I'm sorry but I have to chuckle a bit here. You gotta admit, it is a little funny to say that stability and order is a bug. Sure, you want to catch incompatibilities sooner. But entertain the opposing position for a second --- some developers want to develop without surprises. Maybe stability is a good thing?

Let's also explore what is the easier option:

where you need reproducibility, you can use --before to obtain it just as easily ...

Maybe using --before is easy, but it's not just as easy a having a lockfile. You can't commit it or share it as easily. You have to get your CI to run it somehow. (correction: it can be committed by putting it in an npmrc file) I assume we're talking about debugging certain dependency combinations. This is where a lockfile shines, because a lockfile is an easy way to snapshot a dependency tree in time. Create the dependency tree with --before, then capture it in a lockfile, and push it to a branch. Golden.

It's actually easy on the other end, if you have a lockfile and want to install bleeding edge deps. Just delete the lockfile and install from scratch. That's just as easy.

Moreover, sorry if this is preachy, but if you want to catch errors, you should do it in an organized way:

  1. decide that you want to catch errors
  2. install bleeding edge deps and look for errors

The alternative is this:

  1. try to do work
  2. be surprised by some random breakage
  3. be forced to deal with it

Which one is more organized? If npm removes the lockfile by default, it would make users randomly deal with bleeding edge bugs. Is it worth it?

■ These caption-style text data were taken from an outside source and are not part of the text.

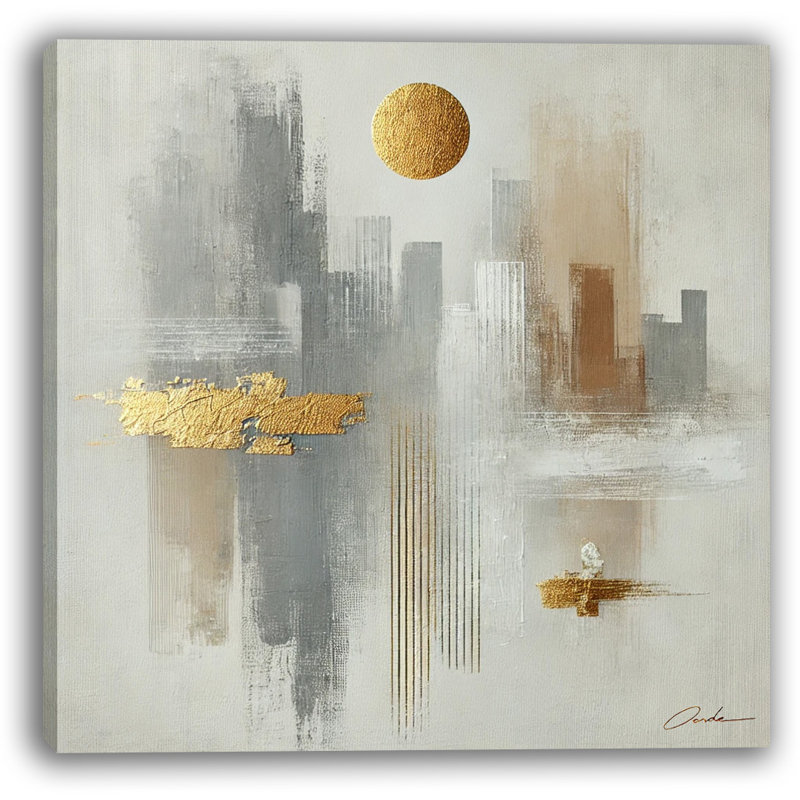 Impression sur toile Golden Urban Glow - art abstrait de paysage urbain, H 12 po x l 12 po x P 1 po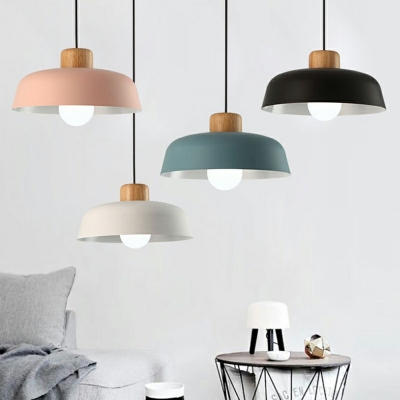 Round Suspended Lighting Fixture Modern Style Suspension Light Metal for Bedroom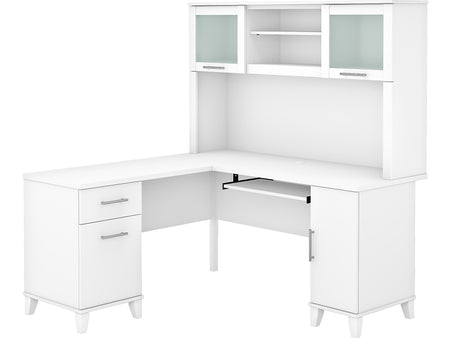 Bush Furniture Somerset 60"W L Shaped Desk with Hutch, White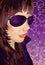 incognito woman girl sunglasses purple violet illustration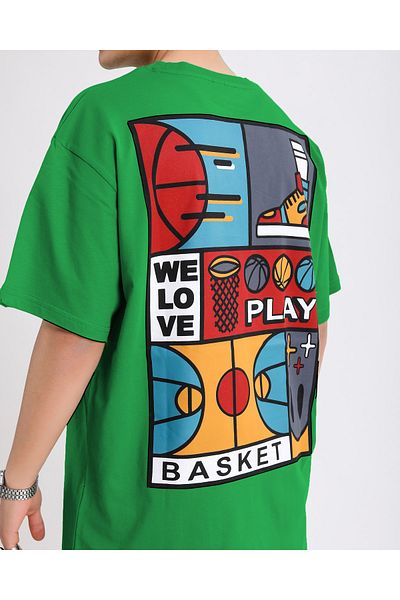 Renkli Store BSC We Love Play Basket Printed Unisex T-Shirt - Green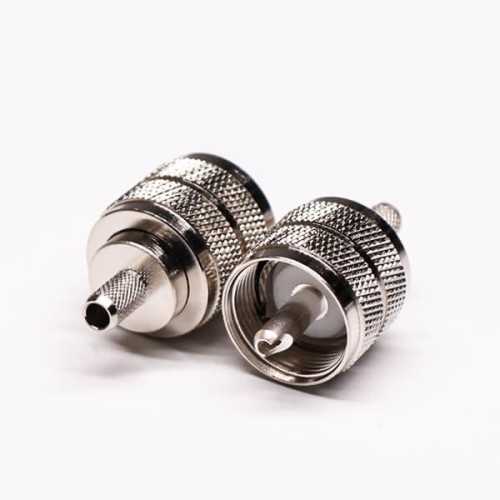 UHF Male Coaxial Connector Straight Crimp Type for Cable UHF Male Coaxial Connector Straight Crimp Type for Cable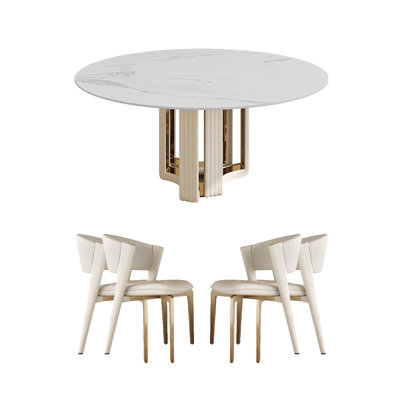 Nordic Style Light Luxury Rock Plate Round Table 59.06 L x 59.06 W Dining Set
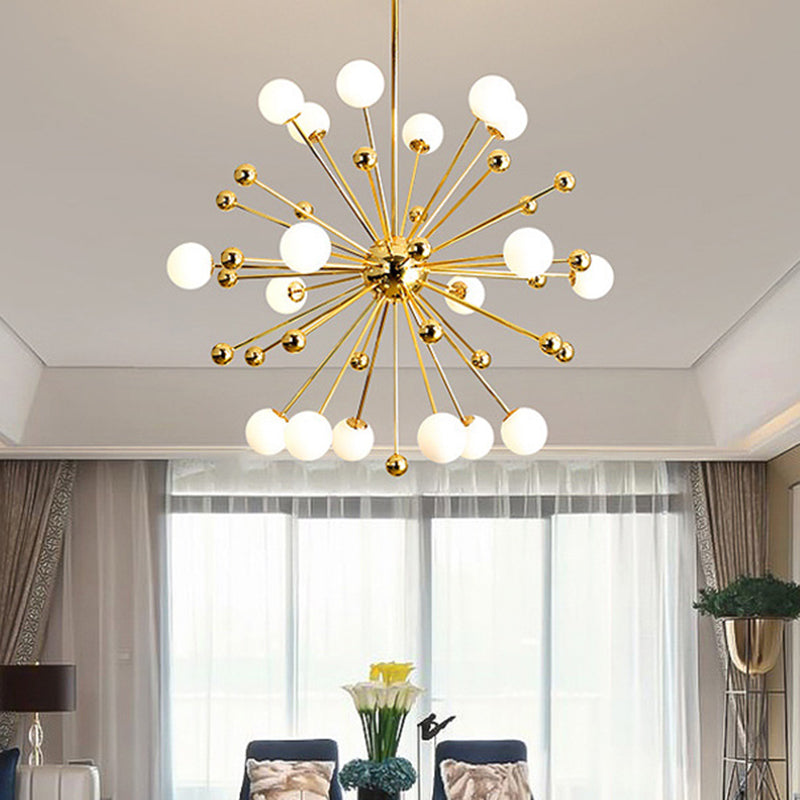 Designer Starburst Metal Chandelier Multi Lights Gold Ceiling Pendant Lamp with White Glass Ball Shade, 23.5"/31.5"/39" Wide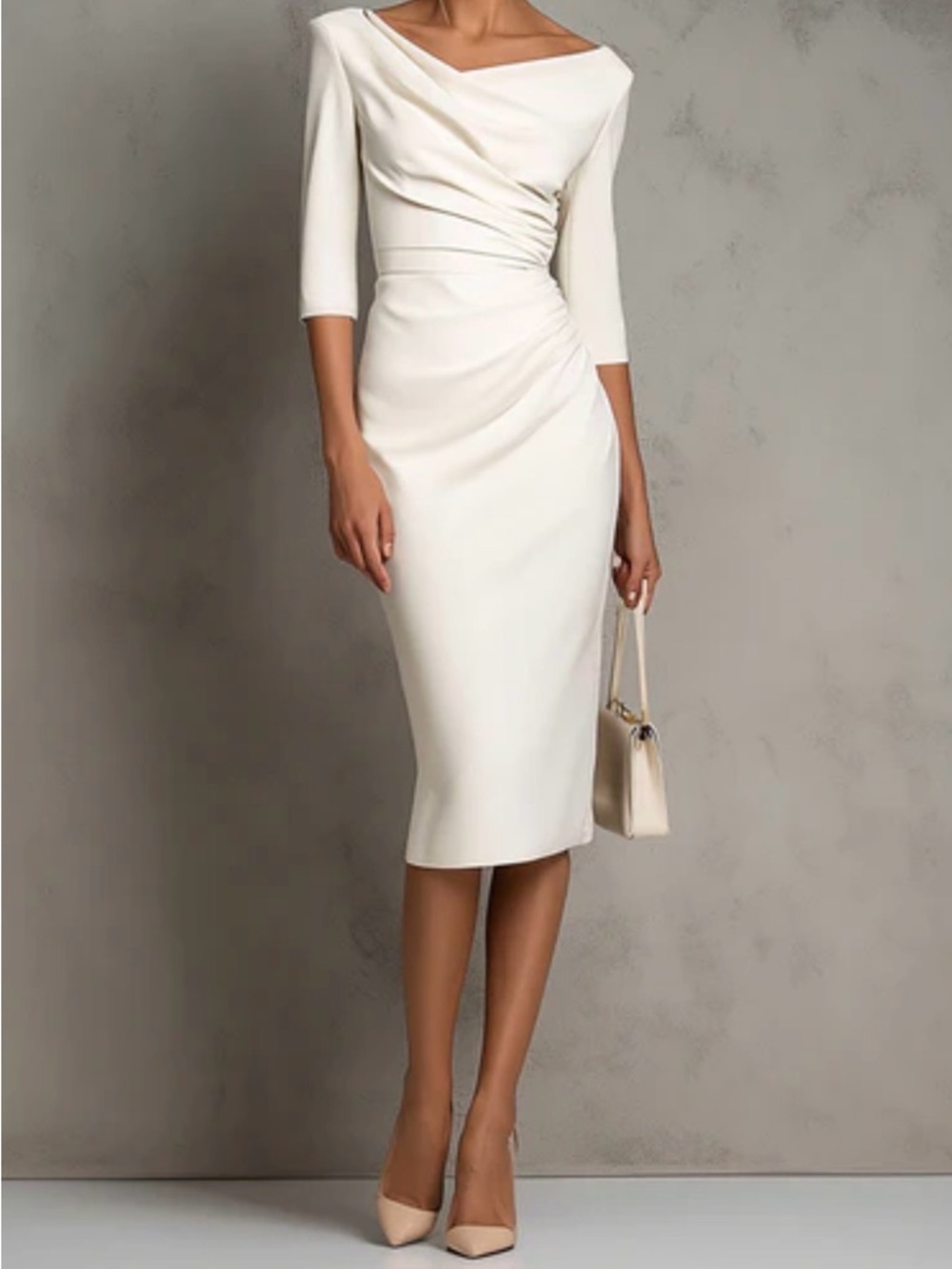 Ivory Sheath Midi Dress Draped V Neck 3/4 Sleeve Bridal Bridgerton S - Picture 6 of 6
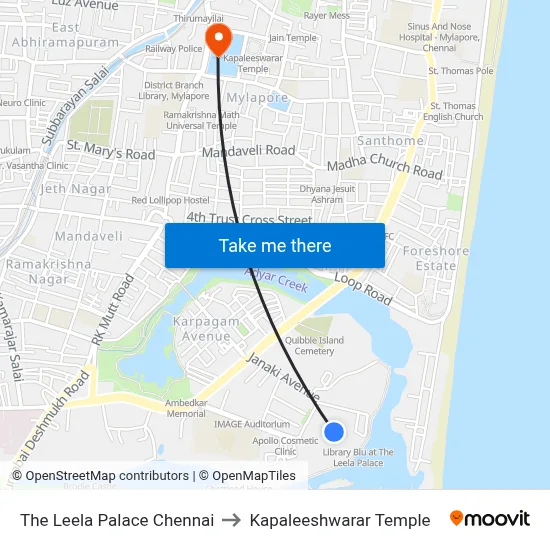 The Leela Palace Chennai to Kapaleeshwarar Temple map
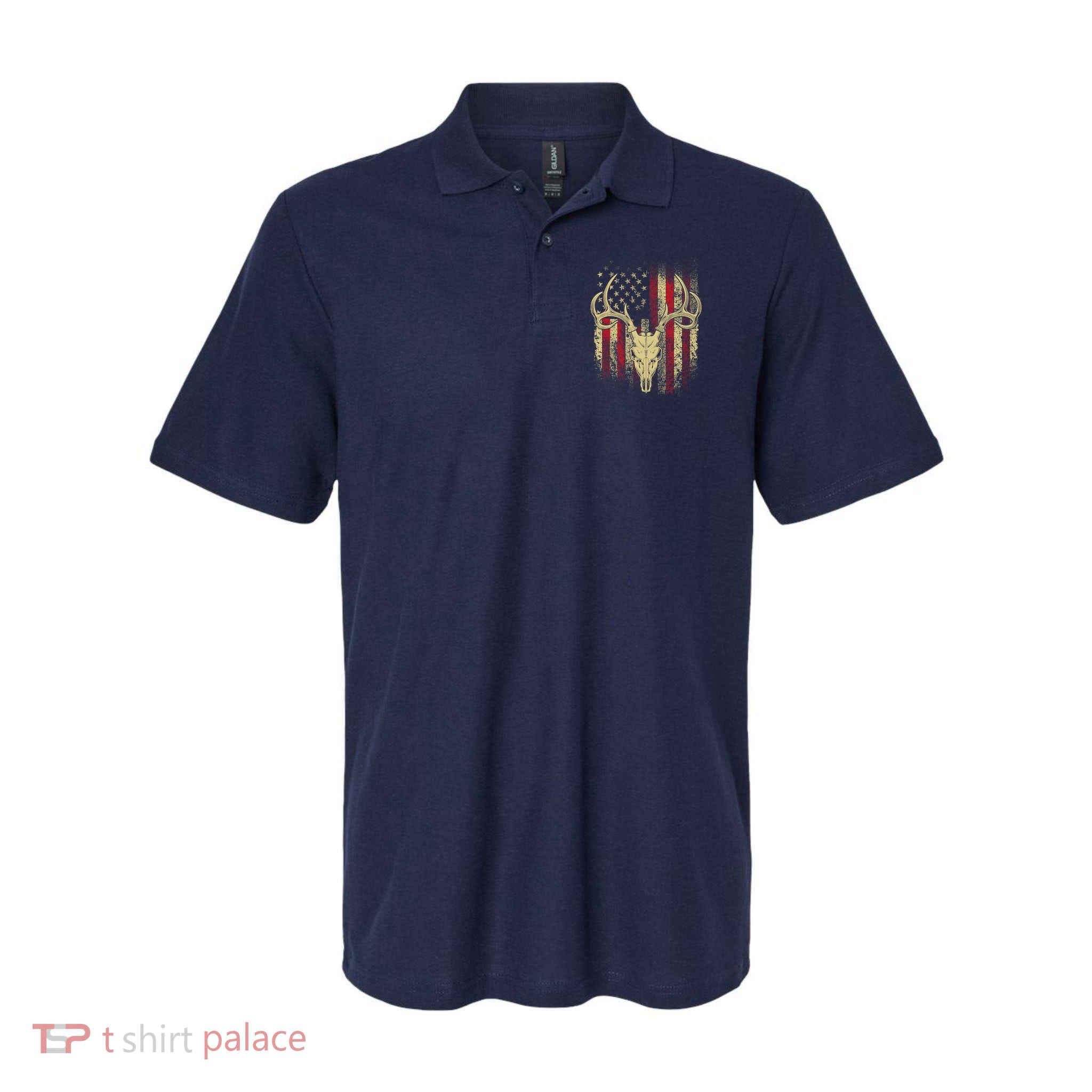 Bucks Antlers and Skull on an American Flag Deer Hunters Polo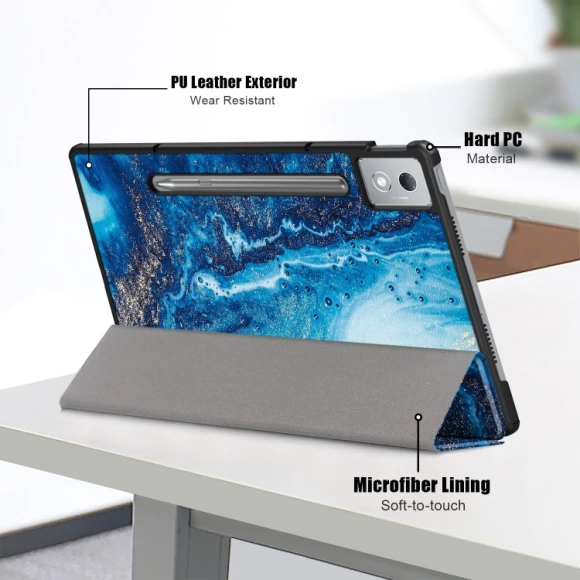 3-folding Leather Smart Tablet Case for Lenovo Tab P12 12.7, Lenovo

You also said something that I need to pick at:

the better default is the experience consumers get

The question is: which consumers?

  • Consumers that just created a new project and are getting the bleeding edge versions of all deps?
  • Consumers that have existing projects and are adding your package?
  • Consumers that have already installed your package at some previous point in time, and are installing or updating other dependencies?

Consumers have lockfiles too, so your consumers can have any variation or combination of deps. Also, consumers don't install your devDependencies, so if you want your library project's node_modules to mirror a consuming project, it's going to be hard. You might as well set up a downstream project just to test the package.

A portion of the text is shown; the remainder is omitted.